We spoke with Juan Rubio, program manager for digital media and learning at the Seattle Public Library, for a step-by-step guide to hosting your first virtual film discussion.

Illustration of laptop
Seattle Public Library's Juan Rubio suggests following seven steps to lead a successful virtual film discussion.


Get familiar with the film. Watch it in advance and identify themes that will help you lead a meaningful discussion. Ideally, the conversation will flow naturally, but it's a good idea to have a list of questions to guide you.

Also consider tech: Allow plenty of time prior to the scheduled discussion and make sure your platform is working and everyone knows how to use it. For film discussions, the online platform Discord is a good fit; other options include Zoom, Google Meet, Netflix Party or Slack.

You will also need to consider whether to do the film screening itself synchronously or asynchronously. Asking people to watch a film on their own time before a discussion is one way to format a program; this allows you to spend your time together focused on just the discussion.

While it’s a bit trickier logistically, you may prefer to host a live viewing party. Netflix Party is one possible platform for this, although participants must have their own Netflix accounts and interactions are limited to a chat box. YouTube Premiere allows for viewing parties of content available on YouTube. It is also possible to host a screening via Zoom or other video platform by sharing your sound (under Advanced Settings) — but make sure you have the proper public screening permissions before you do.

Do an icebreaker

Once your participants are logged in for the virtual program, offer an easy introductory activity. Depending on the size of the group, it can take the form of a question. One of our favorites: What film would you take with you to a desert island? If the group is very large, ask a few volunteers to respond and continue with the next portion of the activity.

Ask who has watched the film

Do an informal poll to see how many people have watched the film already. Ask them to type a yes or no or give a thumbs-up on the screen.


Juan Rubio

Ask for a recap

Begin by asking someone to summarize in two or three minutes the film watched. You can present this exercise by explaining how any media text can be summarized with a famous example: “Dorothy takes flight during a tornado with her dog, Toto, and enters a magical world.

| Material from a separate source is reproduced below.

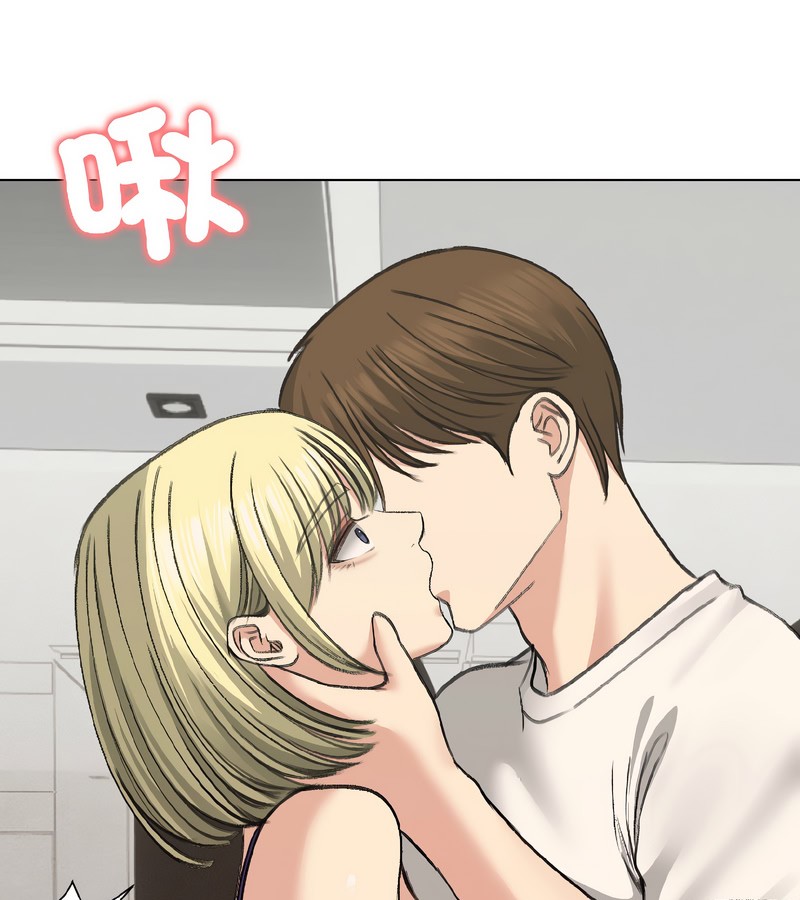 老婆捲款潛逃後第37話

She learns about human characteristics such as courage, intelligence, and love. She battles evil and later discovers that it was all an illusion.”

Start the discussion

Begin with general questions such as: What stood out to you in the film? Is there anything that surprised you? Did you learn anything new by watching the film? If so, what was it?

Continue with more specific questions

What was the message of the film? Was there more than one message? What were some of the creative choices the filmmaker used to deliver the message?


If you viewed a documentary or a film related to current events, the end of the discussion is a great opportunity to talk about moving to action. Ask: Is there anything you might do or say differently as a result of viewing this film? Are there any specific actions you’re planning to implement? Present a list of organizations doing work in your area where the participants can learn more, get involved, or advocate with elected officials.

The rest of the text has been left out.